Monday, March 18, 2024

BaCK iN aNd OuT aGaiN

A blank new sheet of paper in hopes to unravel more mysteries. Are there anymore left? Why do I become weak in care and want care when I am weak. What is it that has made me weak and as I look into the abyss I asee the place where were I used to be. That one, the throne perhaps that I will let no one else set the name on. You know this. I am falling again, I don't even have reasons anymore. Just feels like another wave, pushed into the sand again and up again, a gasp of air. The thing is, I don't want to trust anyone anymore, and I want to do things until I prove myself wrong again. It will be just like going back and forth and haven't we done that enough all these years? My writings have become shorter nowadays. Guess even I have outgrown the initial honeymoon phase of self-love with myself.

My current self is trusting my future self with my soul, cause I can't seem to hold on to it right now. I am trusting my future self as though it were my life. Maybe I'm losing myself or it was already lost or maybe I don't even realize its there lingering like a mystery. But, my soul will shine the light and hopefully lead me back to myself. I might even want to shun the light away, have I? Probably, alread might have.
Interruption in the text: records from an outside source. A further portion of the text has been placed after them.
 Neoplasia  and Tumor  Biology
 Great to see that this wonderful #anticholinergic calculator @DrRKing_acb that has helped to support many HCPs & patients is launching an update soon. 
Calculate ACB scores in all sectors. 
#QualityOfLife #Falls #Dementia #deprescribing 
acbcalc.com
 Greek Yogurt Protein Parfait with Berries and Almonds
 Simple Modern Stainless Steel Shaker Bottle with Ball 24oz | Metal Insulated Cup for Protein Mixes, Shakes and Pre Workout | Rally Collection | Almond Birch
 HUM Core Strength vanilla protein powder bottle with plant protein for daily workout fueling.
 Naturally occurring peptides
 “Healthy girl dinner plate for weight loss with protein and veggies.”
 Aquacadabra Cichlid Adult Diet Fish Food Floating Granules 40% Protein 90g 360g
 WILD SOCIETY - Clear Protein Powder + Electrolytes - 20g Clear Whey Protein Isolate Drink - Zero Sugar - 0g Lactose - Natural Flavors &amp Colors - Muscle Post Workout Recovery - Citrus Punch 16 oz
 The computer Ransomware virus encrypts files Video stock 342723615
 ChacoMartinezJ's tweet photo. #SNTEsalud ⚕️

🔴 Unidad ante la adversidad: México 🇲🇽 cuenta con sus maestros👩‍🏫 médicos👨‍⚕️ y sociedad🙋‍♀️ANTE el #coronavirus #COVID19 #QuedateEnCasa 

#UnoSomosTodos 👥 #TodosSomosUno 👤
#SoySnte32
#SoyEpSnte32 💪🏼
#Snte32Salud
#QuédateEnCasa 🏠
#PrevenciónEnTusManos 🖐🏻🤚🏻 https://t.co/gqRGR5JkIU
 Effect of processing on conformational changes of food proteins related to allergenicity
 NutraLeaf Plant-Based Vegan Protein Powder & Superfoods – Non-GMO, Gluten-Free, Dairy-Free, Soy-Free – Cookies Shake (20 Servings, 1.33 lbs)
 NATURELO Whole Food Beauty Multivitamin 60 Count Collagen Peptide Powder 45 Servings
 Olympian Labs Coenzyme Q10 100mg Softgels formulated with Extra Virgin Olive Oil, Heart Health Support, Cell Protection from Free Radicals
The longer I take, the more I feel like secure in the idea of a future self, yet weaker with time in my current being. I am not sure I understand it. More care, more strength? We, my past, current, and future selves know what we have done to each other. We know and we believe that one day this is going to be okay. That one day, you (my future self) and I (current self) will do the things we'd like to do with each other.